* **DIRECTIONS**
Copy the data precisely, character for character, and leave out every picture.

*** SUPPLIED INFORMATION Section Begins ***

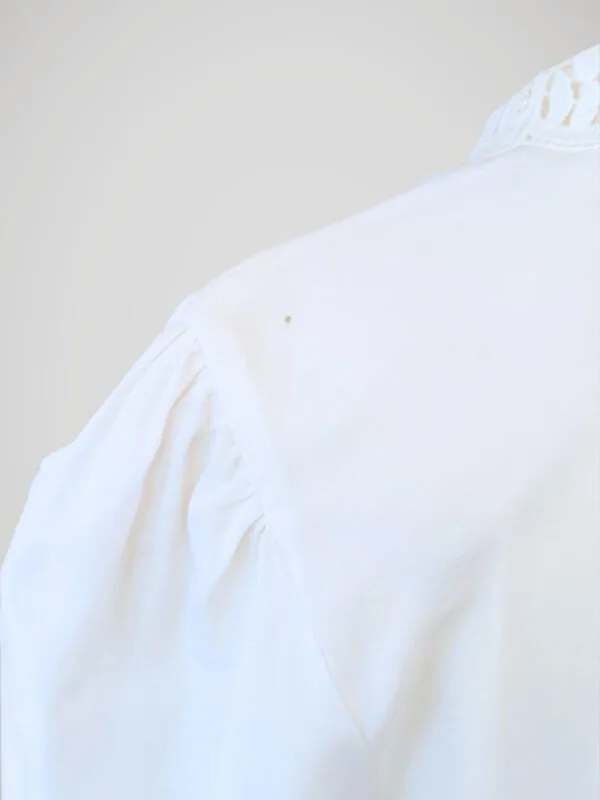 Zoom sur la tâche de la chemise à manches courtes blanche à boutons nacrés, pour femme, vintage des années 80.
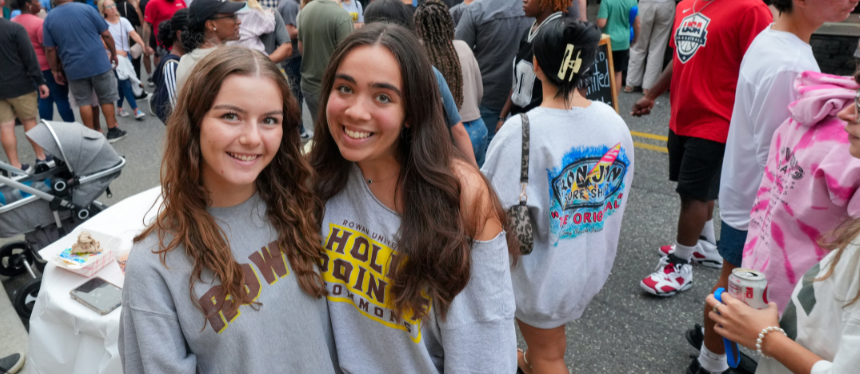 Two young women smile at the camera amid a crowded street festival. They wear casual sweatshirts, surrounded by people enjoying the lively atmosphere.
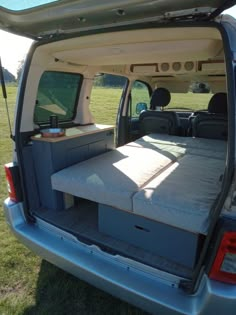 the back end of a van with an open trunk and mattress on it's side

*** SUPPLIED INFORMATION Section Ends ***

* **YOUR RESPONSE**
 Zoom sur la tâche de la chemise à manches courtes blanche à boutons nacrés, pour femme, vintage des années 80.
 Two young women smile at the camera amid a crowded street festival. They wear casual sweatshirts, surrounded by people enjoying the lively atmosphere.
 the back end of a van with an open trunk and mattress on it's side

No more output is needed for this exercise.